# wild wood crest



## SALTSHAKER (Dec 5, 2002)

Yo dogg, am gonna be fishing the great fall classic tournament this weekend in wild wood crest and wondered if you could give me some insight in what is running. Would imagine small blues, king fish, and some stripers with the bait of choice being finger mullet, sands and clams... this about right?? Also, any tackle shop in the area you would recommend if we run short or cannot get some of the above baits up here.... thanks man... salt


----------



## RuddeDogg (Mar 20, 2004)

Hey Salt, make sure you pick up some spot as well. Water is still warm but I know the blues have been running and there are schoolie striper around. Good Luck.


----------



## RuddeDogg (Mar 20, 2004)

Hey how did ya do?


----------



## RuddeDogg (Mar 20, 2004)

Heard the tournament was a bust.....fish catchin anyways.


----------



## Bigguy (Jun 2, 2005)

2nd place team had 8 sharks, 3rd had 5 sharks. 1st had(I believe) 1 kingfish and 7 sharks.


----------



## SALTSHAKER (Dec 5, 2002)

*wildwood*

I think the biggest fish was 13 inches, fishing in short "sucked" but hey, we had a great day and had a good time. Proceeds go to the NJBBA and they do good things with the money they raise. I will fish it again, no problem. Only this time will not bother to air down... took longer to find a station with air than it did to fish the thing..>LOL>.. Wawa was the only place I found and though it got the job done the air pressure was a little low on out put.. gonna have to come down and fish with you Dogg next year and you can show me some of the ins and outs of south jersey fishing and then come north and I will do the same... but all in all... great day,,,, thanks for asking..... salt


----------



## RuddeDogg (Mar 20, 2004)

SALTSHAKER said:


> I think the biggest fish was 13 inches, fishing in short "sucked" but hey, we had a great day and had a good time. Proceeds go to the NJBBA and they do good things with the money they raise. I will fish it again, no problem. Only this time will not bother to air down... took longer to find a station with air than it did to fish the thing..>LOL>.. Wawa was the only place I found and though it got the job done the air pressure was a little low on out put.. gonna have to come down and fish with you Dogg next year and you can show me some of the ins and outs of south jersey fishing and then come north and I will do the same... but all in all... great day,,,, thanks for asking..... salt


Sounds good to me Salt.


----------



## RuddeDogg (Mar 20, 2004)

Bigguy said:


> 2nd place team had 8 sharks, 3rd had 5 sharks. 1st had(I believe) 1 kingfish and 7 sharks.

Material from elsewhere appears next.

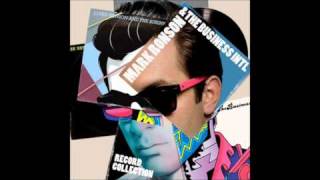 Video thumbnail of "Mark Ronson & The Business INTL (feat Boy George & Andrew Wyatt) - Somebody to love me"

Yeah I heard that it was pretty bad but like Salt said, good cause.


----------



## Bigguy (Jun 2, 2005)

I also fished the individual overnight event. Same results, 1 12" kingfish won the whole thing. NO 2nd place fish!!! This Sat. the game moves to WildWood Crest. Hope the results are different.


----------



## RuddeDogg (Mar 20, 2004)

Bigguy said:


> I also fished the individual overnight event. Same results, 1 12" kingfish won the whole thing. NO 2nd place fish!!! This Sat. the game moves to WildWood Crest. Hope the results are different.


Water temp is still to warm. Resident schoolie stripers have been caught here and there as well as blues.


----------